*RECORDED INFORMATION*:
——————

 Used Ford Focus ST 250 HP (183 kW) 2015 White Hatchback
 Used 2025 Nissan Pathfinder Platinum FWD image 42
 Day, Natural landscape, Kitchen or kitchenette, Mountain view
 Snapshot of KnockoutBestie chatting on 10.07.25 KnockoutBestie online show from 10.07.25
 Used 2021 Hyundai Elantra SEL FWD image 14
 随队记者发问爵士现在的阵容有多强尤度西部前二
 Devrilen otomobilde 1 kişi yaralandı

——————

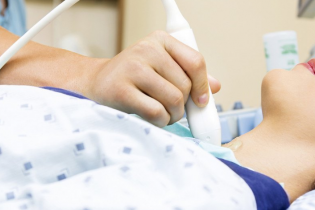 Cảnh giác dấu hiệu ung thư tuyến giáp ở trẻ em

——————

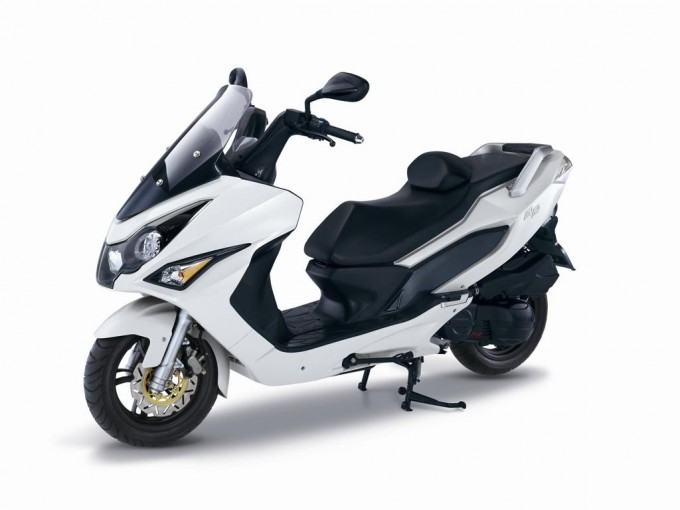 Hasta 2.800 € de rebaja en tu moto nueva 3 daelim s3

——————

*TASK DESCRIPTION*: Using the entries above, repeat only the lines from the one containing "Day, Natural landscape, Kitchen" through the one containing "Devrilen otomobilde 1 kişi yaralandı", end lines included.

*FINISHED TASK*:
 Day, Natural landscape, Kitchen or kitchenette, Mountain view
 Snapshot of KnockoutBestie chatting on 10.07.25 KnockoutBestie online show from 10.07.25
 Used 2021 Hyundai Elantra SEL FWD image 14
 随队记者发问爵士现在的阵容有多强尤度西部前二
 Devrilen otomobilde 1 kişi yaralandı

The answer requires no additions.